The key process in this instance is to combine two separate scans of the same document. One a bitonal scan and the other a grayscale scan. Between the two we’ll be able to obtain a cleaned up, readable bitonal document. The example I’ll use here is a blueprint of a plot plan that was rolled up but unfortunately exposed to direct sunlight. The result is a faded swath through an otherwise quite usable document. The bitonal scan clearly shows this, and it’s not possible to get a clean bitonal scan that can capture all of the information. The steps we’ll use to come up with a usable image are outlined below:
Step 1: Use File ⇒ Open and navigate to: C:\datasets\GD32-3\Impossible. Select the drawing: Plot Plan.dwg and open it. The drawing will be blank.
Step 2: Make sure the Bitonal layer is the current layer. Use Image ⇒ Insert and navigate to: C:\datasets\GD32-3\Impossible. Select the image: Bitonal Plot Plan.tif and insert it using default correlation.
Note the missing linework through the center region.

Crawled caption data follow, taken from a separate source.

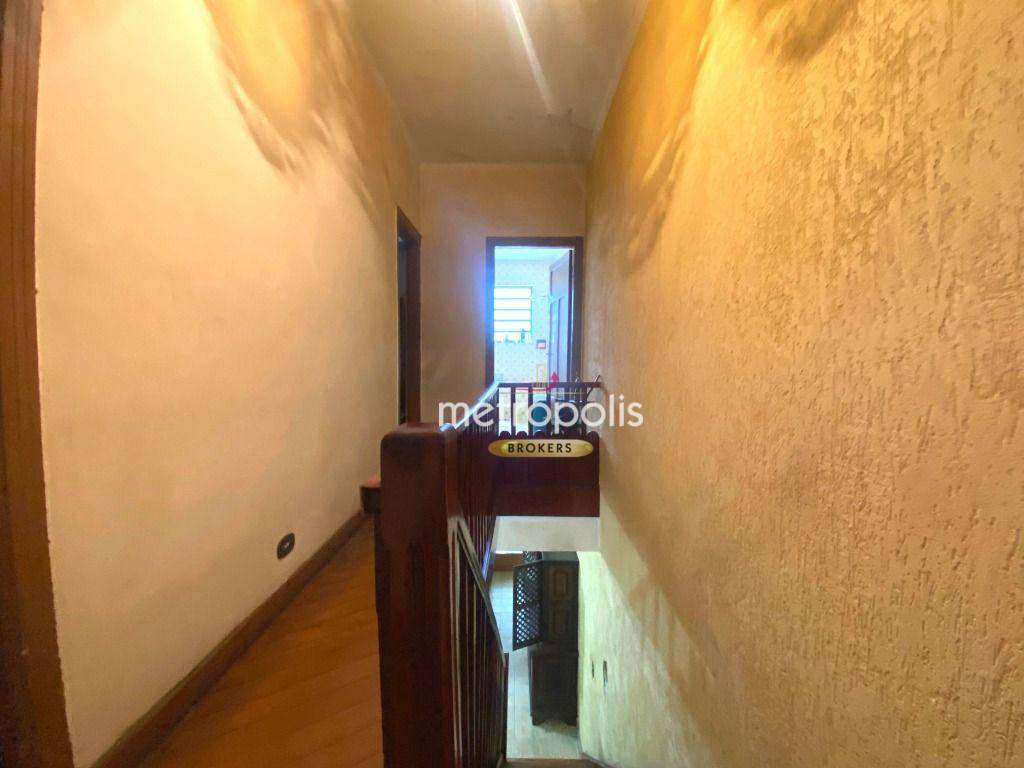 Sobrado à venda com 3 quartos, 115m² - Foto 16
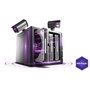 Western Digital Purple WD40PURX de 4 TB
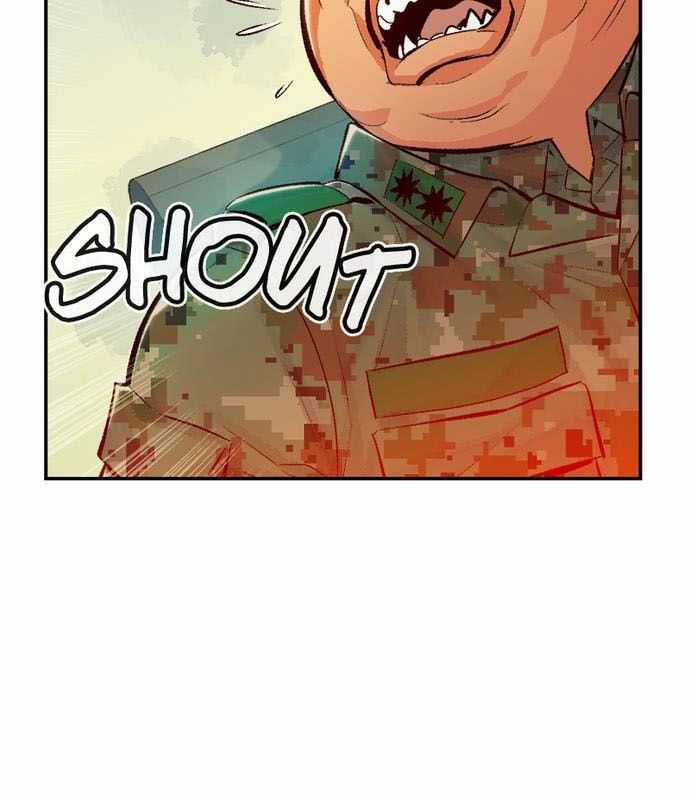 Tôi - Necromancer Cô Độc - Chương 39 - Trang 5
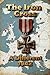 The Iron Cross — A Different 1942 by Volo Jace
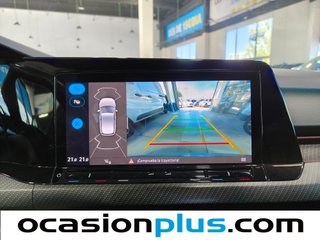 Volkswagen Golf R-Line 1.5 eTSI 110 kW (150 CV) DSG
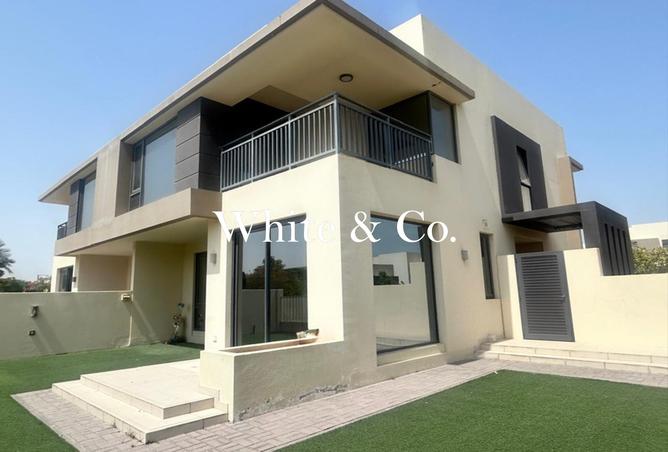 127028932 - Property Image 2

Step 3: Change the current layer to Grayscale. Step 4: Use Image ⇒ Insert to insert a grayscale scan of the same drawing:
Grayscale Plot Plan.tif, from the same directory also using default correlation.
Notice that the missing linework is somewhat visible in this scan.
Step 5: Use Image ⇒ Manage to invoke the Image Manager Toolspace. Select the Images tab.
Step 6: In the Image Manager Toolspace, select Image Insertions from the drop down list box to activate the Image Insertions pane. Click on the Expand Tree icon.
Step 7: Note that the current display order is reflected in the listing of the two insertions. Drag Bitonal Plot Plan up above Grayscale Plot Plan.
Alternatively, we could have used the Image Manage right-click shortcut menu off Bitonal Plot Plan to put it on top.
Step 8: Close or minimize the Image Manager Toolspace. Step 9: Restore the named view Washout. From this zoomed in view we can get a
better idea what is missing from the bitonal scan.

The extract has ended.